(Short descriptive text snippets)
----

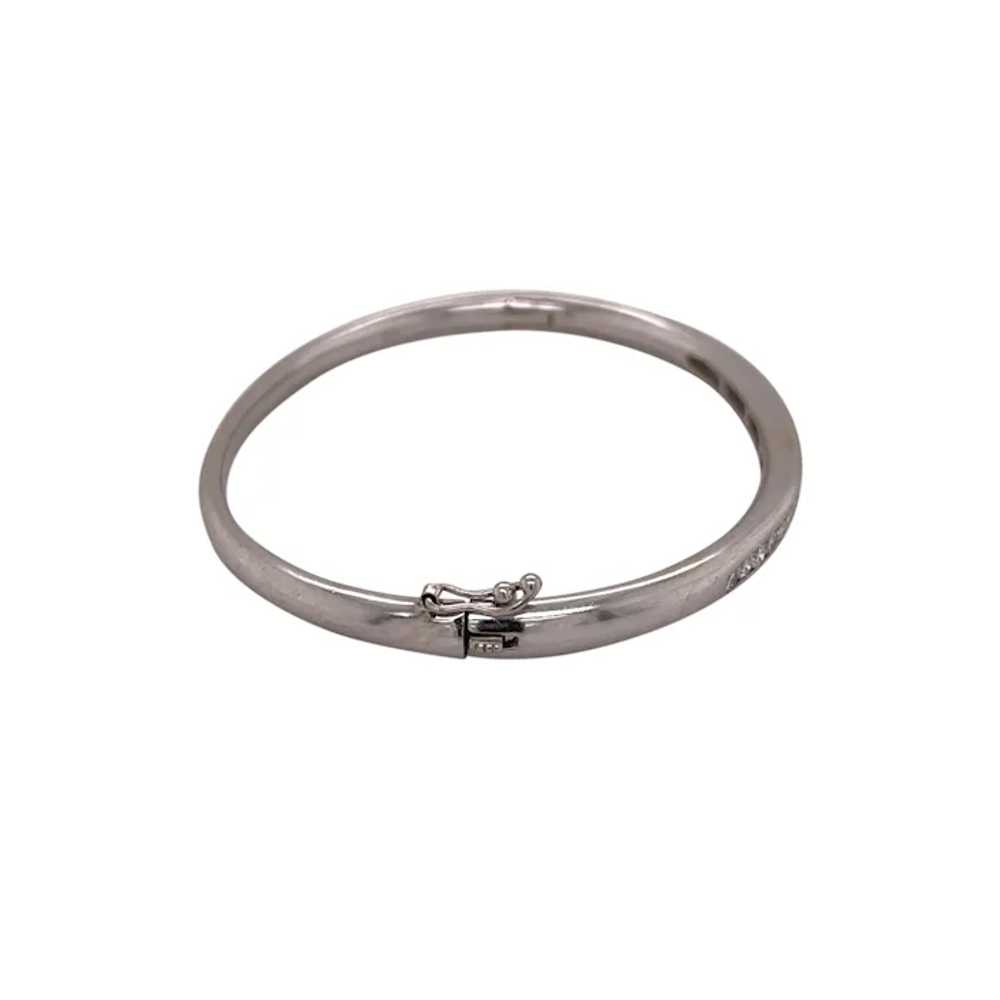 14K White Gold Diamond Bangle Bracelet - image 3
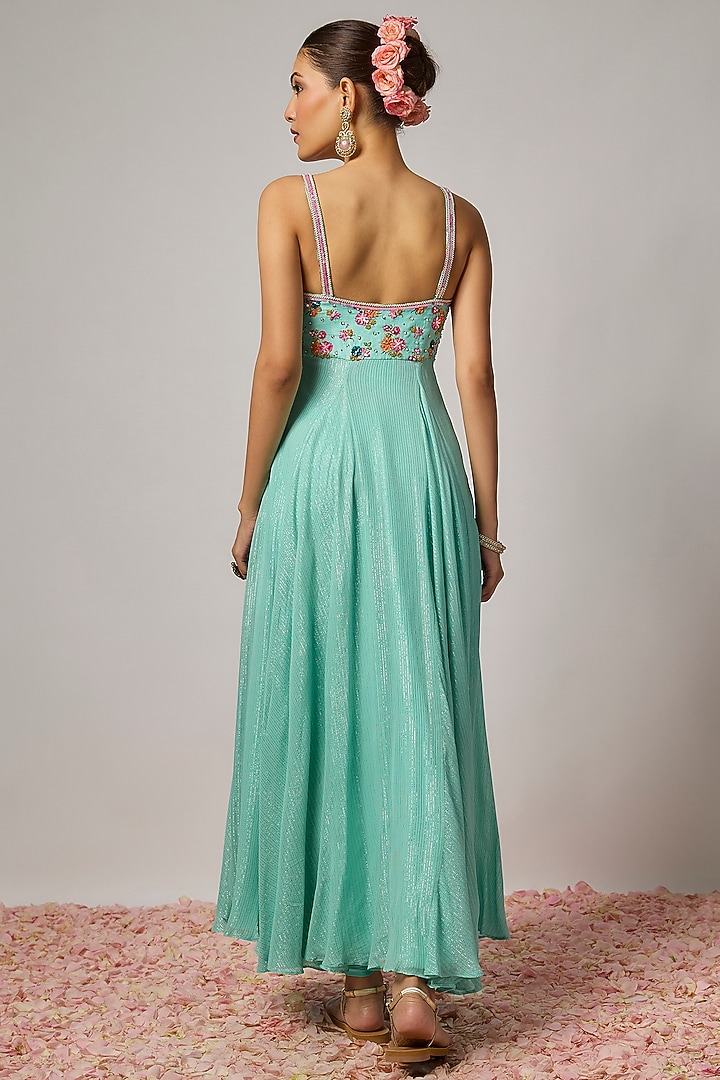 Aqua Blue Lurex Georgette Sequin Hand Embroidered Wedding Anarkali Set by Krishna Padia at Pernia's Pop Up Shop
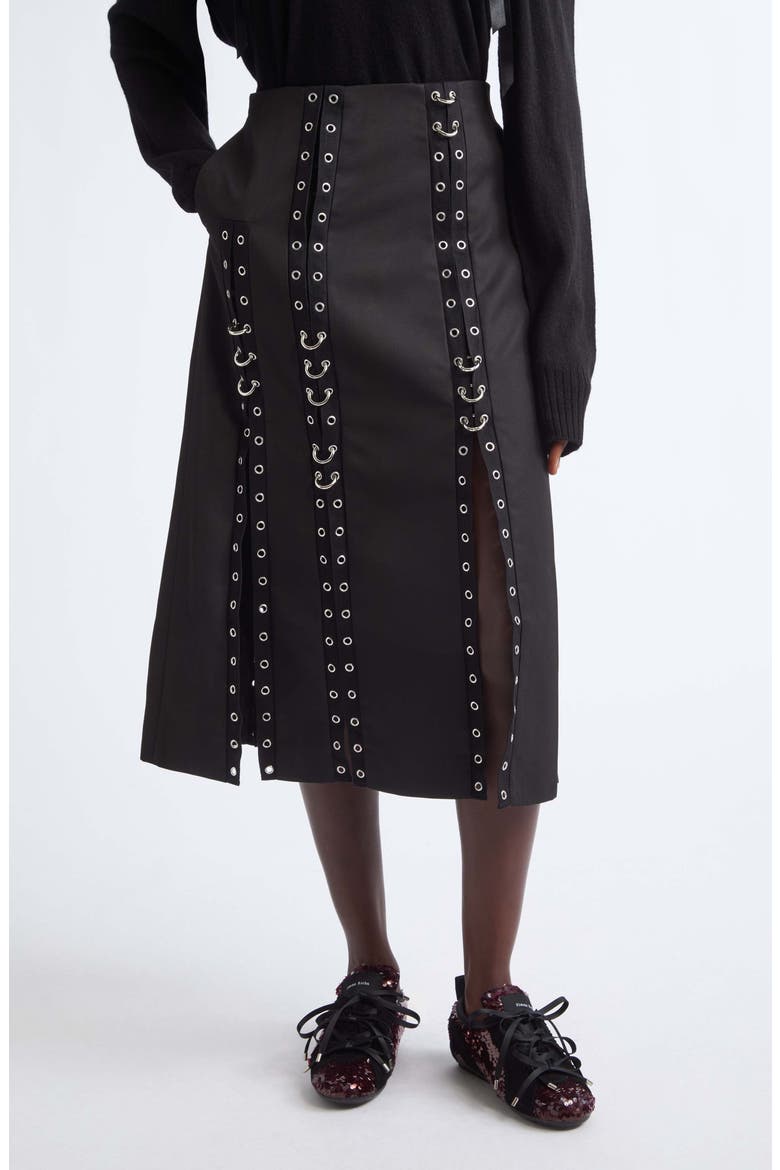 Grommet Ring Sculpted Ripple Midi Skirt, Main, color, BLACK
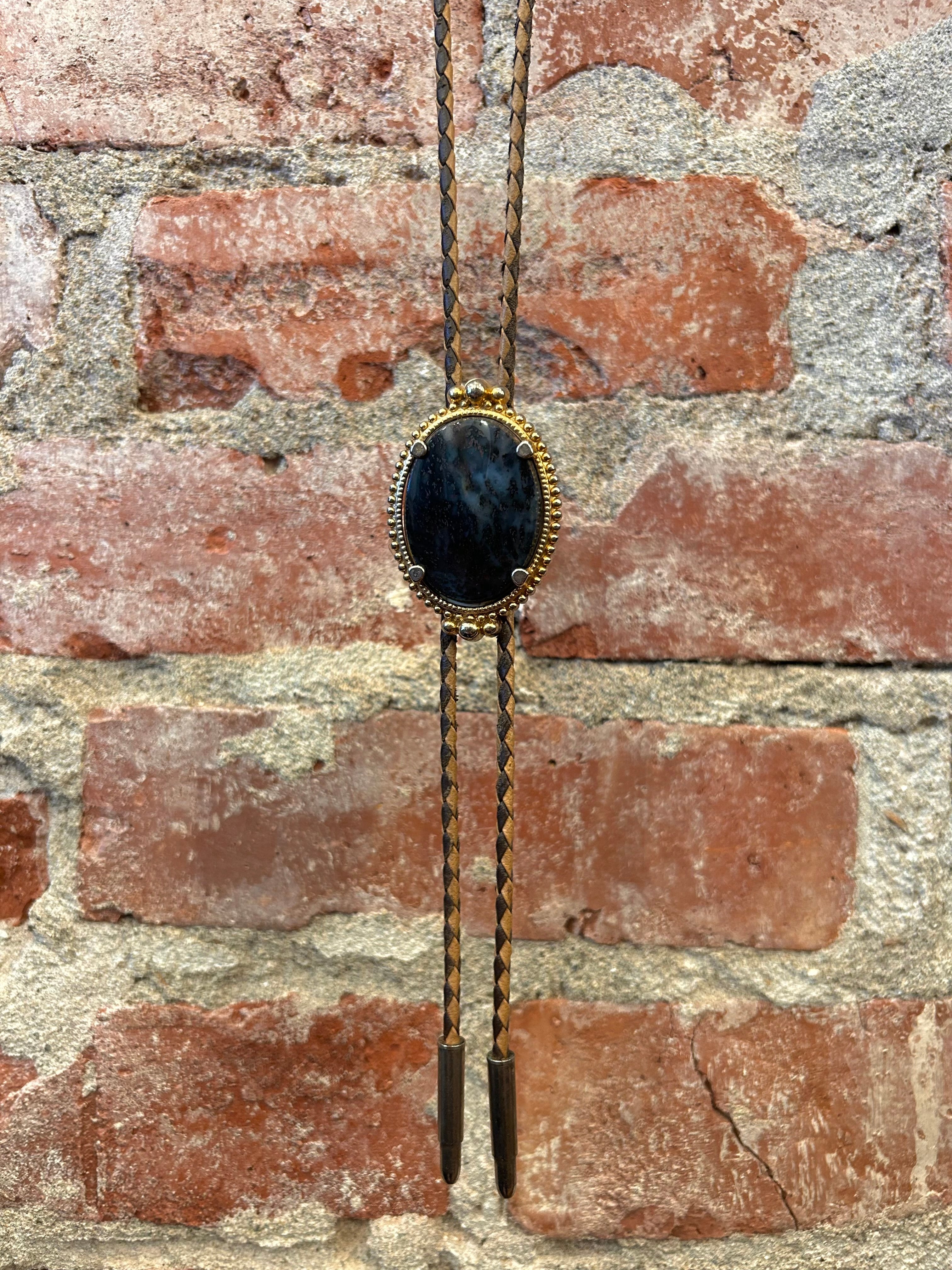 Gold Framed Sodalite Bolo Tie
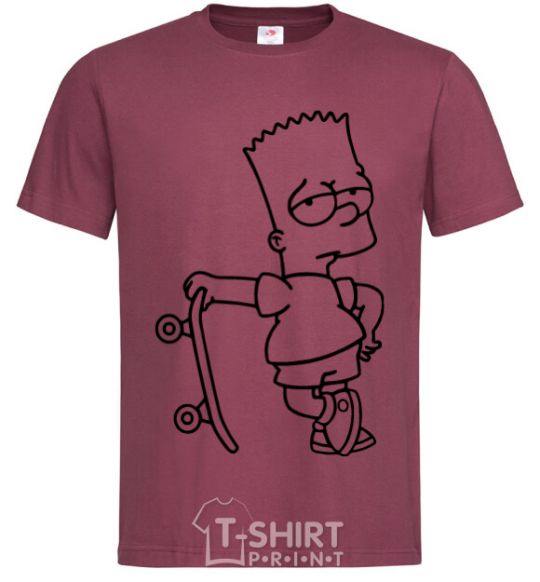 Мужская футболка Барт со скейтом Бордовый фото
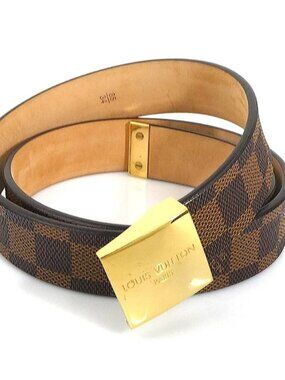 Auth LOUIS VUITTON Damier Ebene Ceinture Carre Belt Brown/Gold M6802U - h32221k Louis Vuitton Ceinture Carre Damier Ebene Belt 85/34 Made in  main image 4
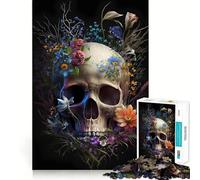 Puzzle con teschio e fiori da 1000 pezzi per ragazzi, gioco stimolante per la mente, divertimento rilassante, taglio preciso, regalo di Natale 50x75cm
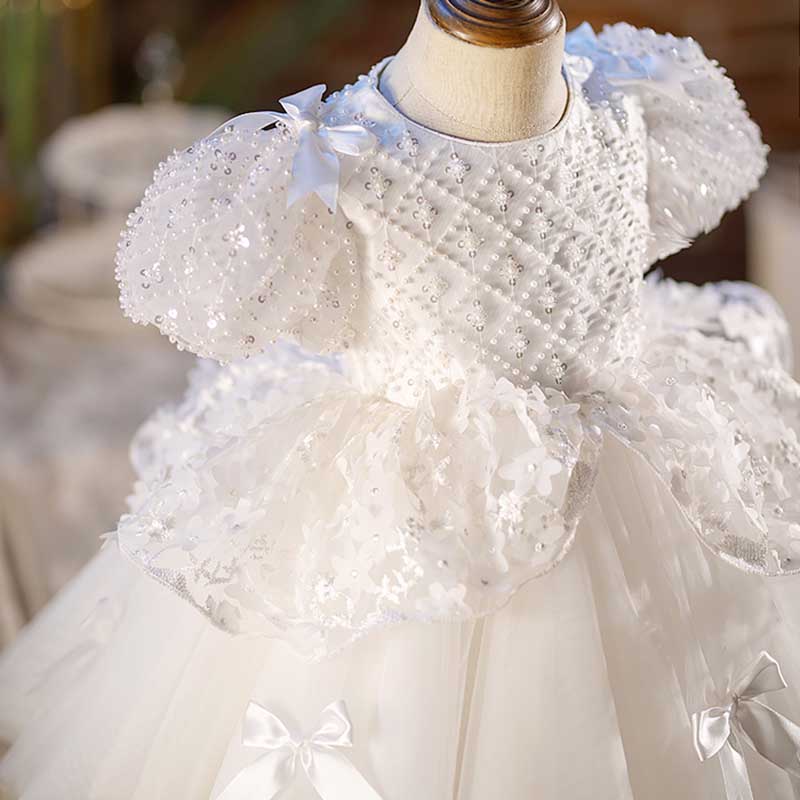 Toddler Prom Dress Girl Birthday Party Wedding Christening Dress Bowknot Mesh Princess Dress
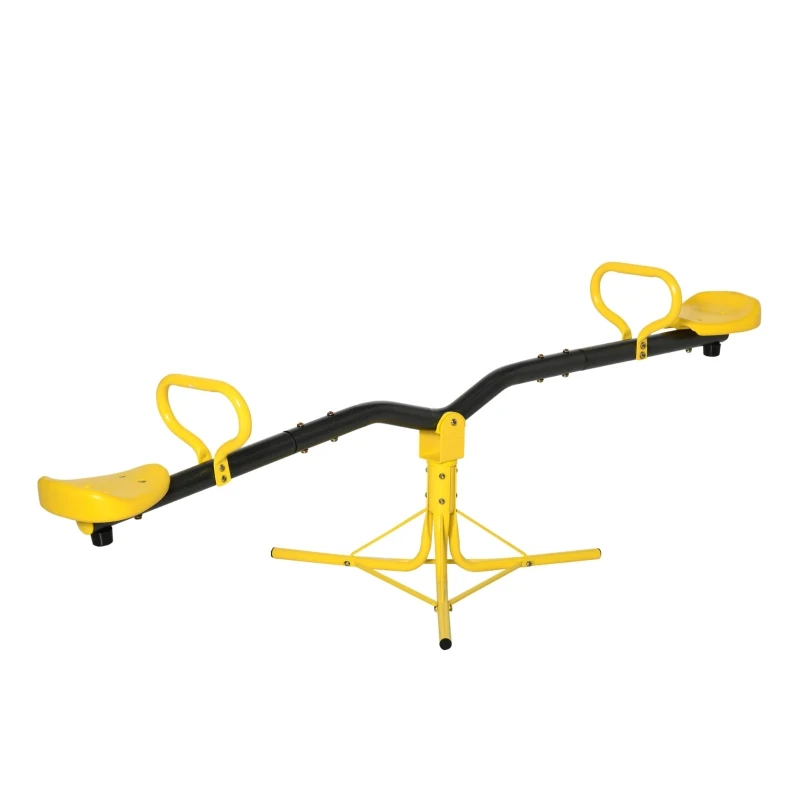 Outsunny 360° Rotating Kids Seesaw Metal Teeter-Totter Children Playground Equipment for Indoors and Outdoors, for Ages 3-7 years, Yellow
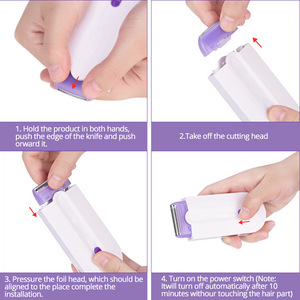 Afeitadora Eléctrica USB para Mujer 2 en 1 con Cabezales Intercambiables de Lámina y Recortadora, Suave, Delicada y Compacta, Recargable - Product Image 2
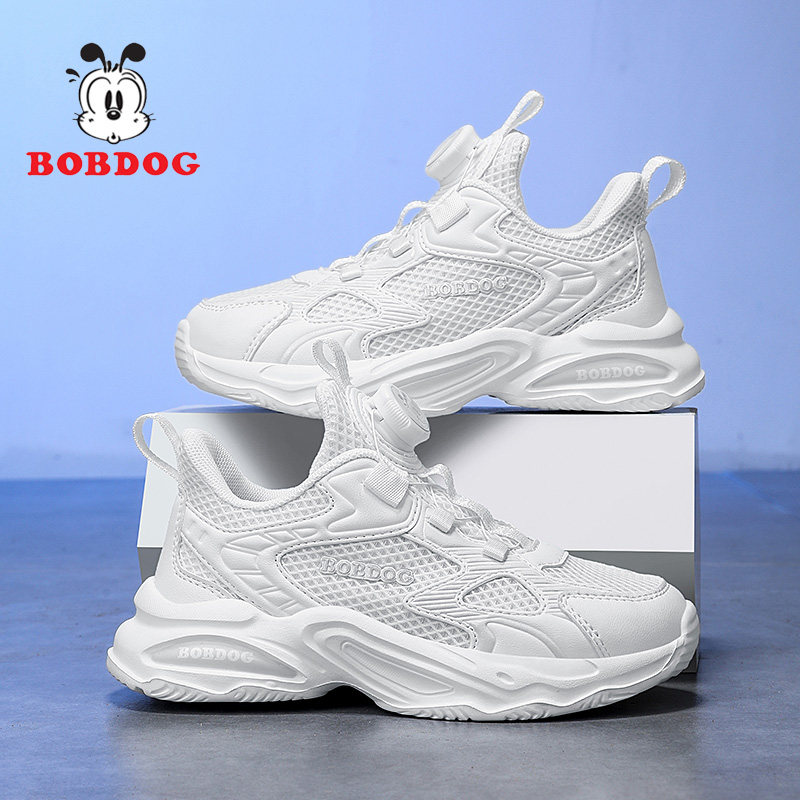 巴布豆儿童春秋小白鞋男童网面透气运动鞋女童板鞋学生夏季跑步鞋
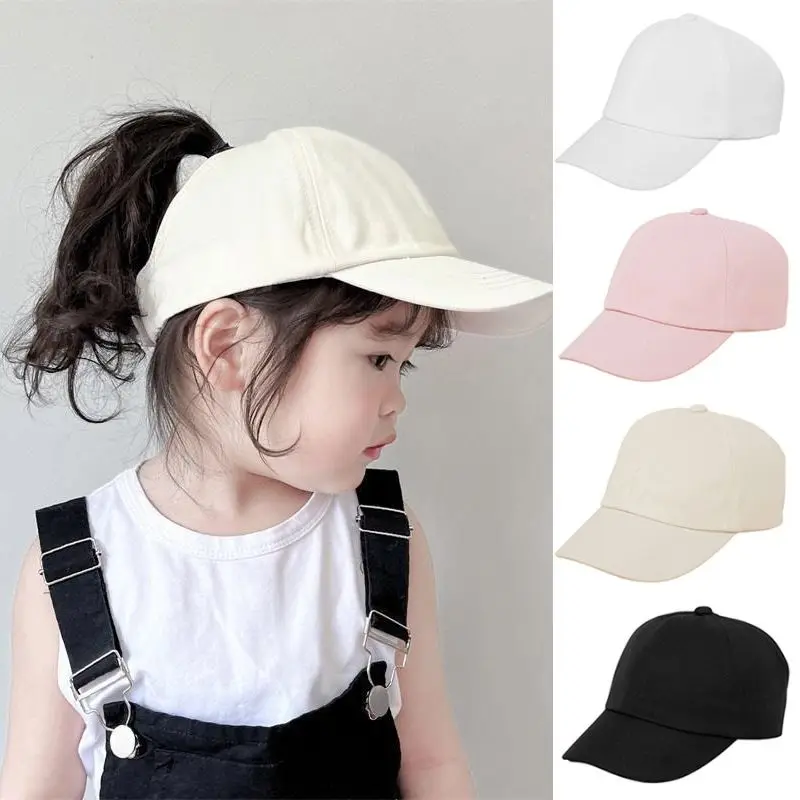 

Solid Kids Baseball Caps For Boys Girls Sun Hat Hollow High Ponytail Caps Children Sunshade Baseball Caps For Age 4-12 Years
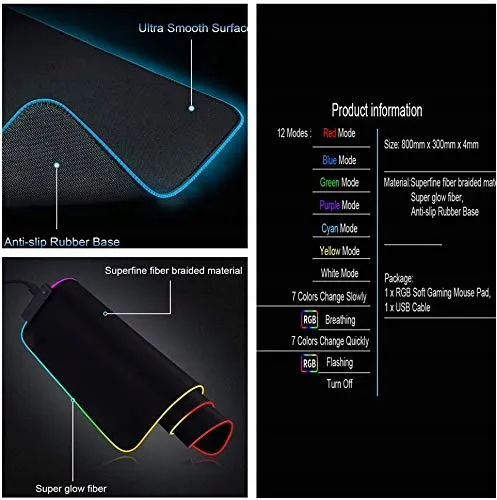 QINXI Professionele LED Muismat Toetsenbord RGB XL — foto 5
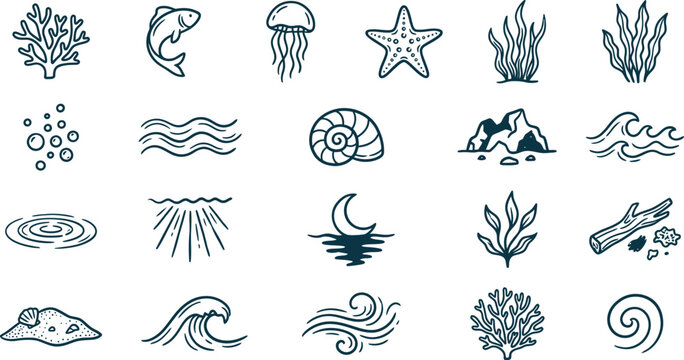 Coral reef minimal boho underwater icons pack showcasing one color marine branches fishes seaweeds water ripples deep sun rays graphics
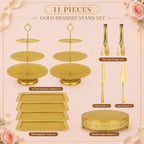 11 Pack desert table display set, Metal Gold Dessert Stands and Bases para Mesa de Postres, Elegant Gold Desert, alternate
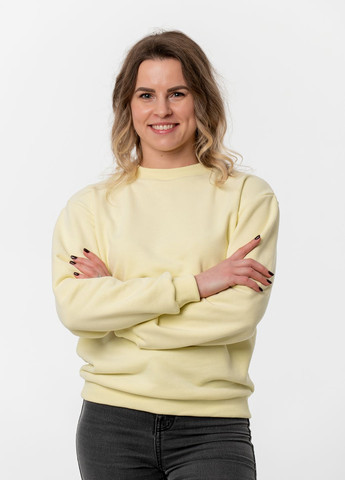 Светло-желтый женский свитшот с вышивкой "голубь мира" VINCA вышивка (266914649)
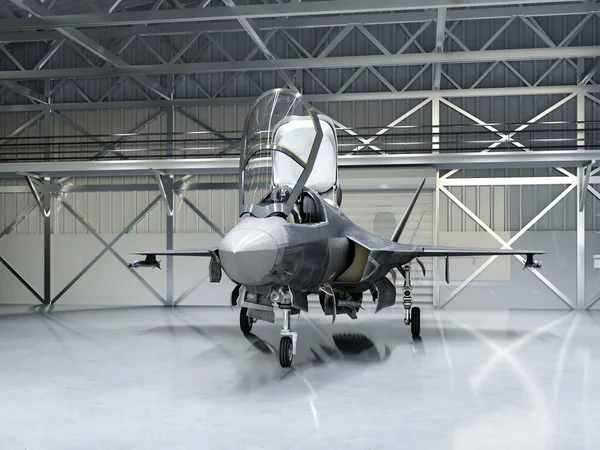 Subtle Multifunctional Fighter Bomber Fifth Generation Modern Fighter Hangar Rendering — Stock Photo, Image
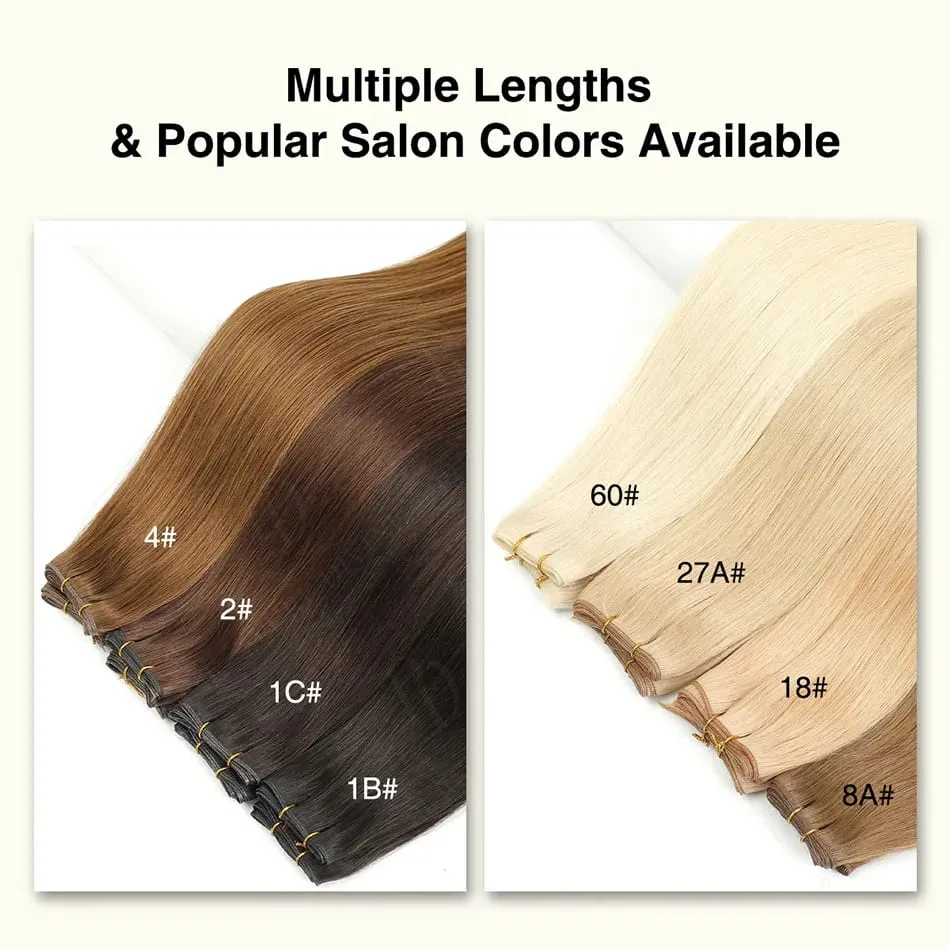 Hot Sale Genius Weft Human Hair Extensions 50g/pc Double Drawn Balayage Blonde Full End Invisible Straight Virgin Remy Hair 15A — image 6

----

Return the preceding entries verbatim, with the pictures excluded.

 14K White Gold Diamond Bangle Bracelet - image 3
 Aqua Blue Lurex Georgette Sequin Hand Embroidered Wedding Anarkali Set by Krishna Padia at Pernia's Pop Up Shop
 Grommet Ring Sculpted Ripple Midi Skirt, Main, color, BLACK
 Gold Framed Sodalite Bolo Tie
 Мужская футболка Барт со скейтом Бордовый фото
 Auth LOUIS VUITTON Damier Ebene Ceinture Carre Belt Brown/Gold M6802U - h32221k Louis Vuitton Ceinture Carre Damier Ebene Belt 85/34 Made in  main image 4
 Puzzle con teschio e fiori da 1000 pezzi per ragazzi, gioco stimolante per la mente, divertimento rilassante, taglio preciso, regalo di Natale 50x75cm
 Toddler Prom Dress Girl Birthday Party Wedding Christening Dress Bowknot Mesh Princess Dress
 Outsunny 360° Rotating Kids Seesaw Metal Teeter-Totter Children Playground Equipment for Indoors and Outdoors, for Ages 3-7 years, Yellow
 Afeitadora Eléctrica USB para Mujer 2 en 1 con Cabezales Intercambiables de Lámina y Recortadora, Suave, Delicada y Compacta, Recargable - Product Image 2
 巴布豆儿童春秋小白鞋男童网面透气运动鞋女童板鞋学生夏季跑步鞋

Solid Kids Baseball Caps For Boys Girls Sun Hat Hollow High Ponytail Caps Children Sunshade Baseball Caps For Age 4-12 Years
 QINXI Professionele LED Muismat Toetsenbord RGB XL — foto 5
 Coral reef minimal boho underwater icons pack showcasing one color marine branches fishes seaweeds water ripples deep sun rays graphics
 11 Pack desert table display set, Metal Gold Dessert Stands and Bases para Mesa de Postres, Elegant Gold Desert, alternate
 Светло-желтый женский свитшот с вышивкой "голубь мира" VINCA вышивка (266914649)
 Subtle Multifunctional Fighter Bomber Fifth Generation Modern Fighter Hangar Rendering — Stock Photo, Image
 Hot Sale Genius Weft Human Hair Extensions 50g/pc Double Drawn Balayage Blonde Full End Invisible Straight Virgin Remy Hair 15A — image 6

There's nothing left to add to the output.